BEGIN Exercise material

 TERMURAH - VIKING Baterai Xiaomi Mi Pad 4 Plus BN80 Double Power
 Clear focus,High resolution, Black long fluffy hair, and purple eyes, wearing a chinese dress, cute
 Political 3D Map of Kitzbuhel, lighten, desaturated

END Exercise material
BEGIN Exercise material

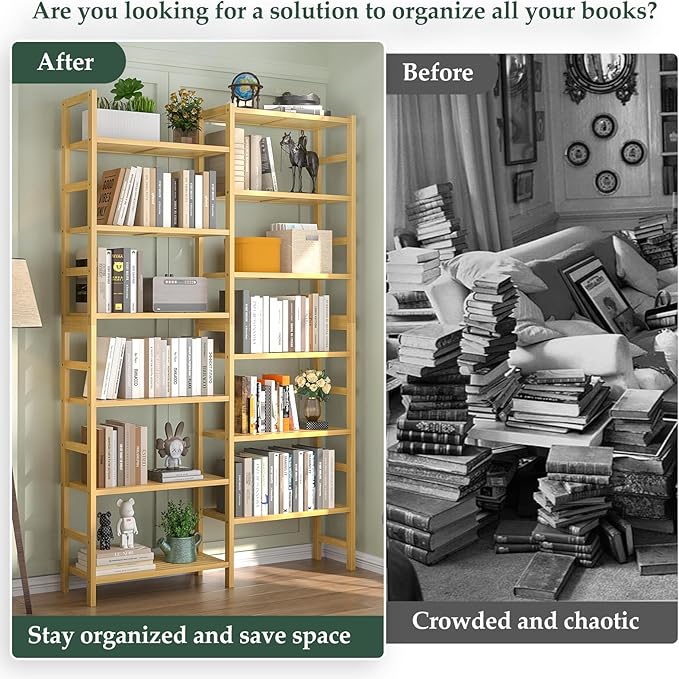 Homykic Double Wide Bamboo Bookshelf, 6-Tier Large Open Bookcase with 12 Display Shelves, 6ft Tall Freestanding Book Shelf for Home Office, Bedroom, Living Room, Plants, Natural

END Exercise material

▶ **Work required**: Beginning with the line that has "TERMURAH - VIKING" and ending with the line that has "Political 3D Map", set down the lines above exactly and include no others.

▶ **Written solution**:
 TERMURAH - VIKING Baterai Xiaomi Mi Pad 4 Plus BN80 Double Power
 Clear focus,High resolution, Black long fluffy hair, and purple eyes, wearing a chinese dress, cute
 Political 3D Map of Kitzbuhel, lighten, desaturated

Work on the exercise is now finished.